With a diverse enrollment, 66% of the students at the FDC are Black. The remaining 34% breaks down as 22% White, 7% Biracial, 5% Latino, and less than 5% Asian or Native American. A majority of the center’s enrollment comes from low income homes, placing them “at risk for school failure.”

Despite those odds, the FDC’s children flourish. Carol Morrison, Executive Director of the FDC, authored the facility summary and collected the statistics that went into the BCDI report.

“We’re just doing good school. We’re just doing really good practices. We’re doing what everybody should be doing,” Morrison said. “Low income is a risk factor, you know, being below the poverty level. Another risk factor is having a high-risk pregnancy. Having a low birth weight, coming from a single-parent home, these are risk factors (in early education success). Black is not a risk factor.”

Morrison is quick to point out that the center is more than a day care or a preschool. Its reach goes far beyond its hours of operation, and this is so much of what makes the FDC a success.

“We take a comprehensive approach. We have caseworkers who work with our families, we have a social services person – if the family has needs, we can help them set and meet those goals,” she said.

Caseworkers often begin working with families during the prenatal period, helping them to connect with whatever resources they may need during that crucial time before birth. With an average waiting list of 40 children, Morrison said that this is the best way to guarantee a place at the FDC.

Jennifer Armstrong Ph.D., CCC-SLP, Associate Professor in the Department of Communication Disorders at GSU, agrees that one of the FDC’s great strengths lies in their holistic approach.

“They look at the entire child. They’ve structured the environment—the classrooms, the hallways, the atrium—to support the children and reinforce who they are. They support their language, their learning,” Armstrong said. “They’re reinforcing the entire child through their work with families. It’s a space where children can express themselves emotionally and the teachers are able to reinforce their understanding of their experience.”

Armstrong’s students conduct language and hearing screenings at the FDC as part of their own learning, and she holds language and literacy workshops for the parents and teachers involved with the center.

As Armstrong pointed out, the architecture plays a role in the center’s success. At the FDC, children are given room to grow. Originally designed to be a charter school, it features greenhouse atriums in between all of the classrooms. These heated, vault-ceilinged spaces are furnished with sandboxes and picnic areas. The glass panels bring in all of the natural light of the outdoors and allow the center’s children to “play outside” even in the frostiest depths of Chicago’s winters.

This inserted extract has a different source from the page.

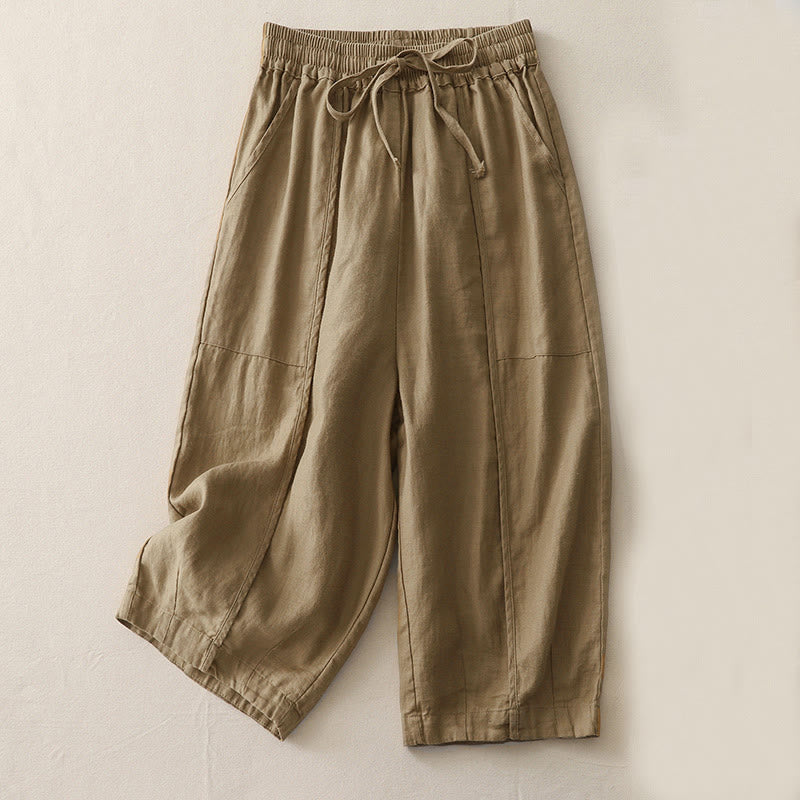 Buddha Stones Casual Plain Solid Color Patchwork Women's Polyester 7-8 Length Wide Leg Pants With Pockets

Weather allowing, all of the children spend a minimum of 30 minutes in the real outside during the day – although Morrison said that in nice weather, that time climbs and reaches into the hours – and each age group has access to its own developmentally-appropriate playground. In the preschool yard, a pretend post office, outdoor xylophone, and a small bridge pepper the landscape surrounding traditional playground apparatus.

“It all starts at this age,” Morrison said.

For Armstrong, communication is the key, and she believes that some research has mistakenly confused socioeconomics with race.

“I think that a lot of the literature in the past has suggested that Black children do not have the same skills when compared with other children their age, and I train my students to not walk in with those negatives ideas of The Black Child,” she said. “Part of the beauty in being culturally responsible is that you can use culture as a positive influence. We have to validate the beauty of the culture and show them there are various ways we communicate with each other. For me, I know if they can have a better understanding of who they are, then they can better relate to other people and who they are.”

Morrison, proud to see the FDC included in this report, watches a preschool class in the yard. Two boys zip past her on tricycles.

“There are people in the world who think they’re Black, they’re low income, and they’re not gonna make it. They’re wrong.”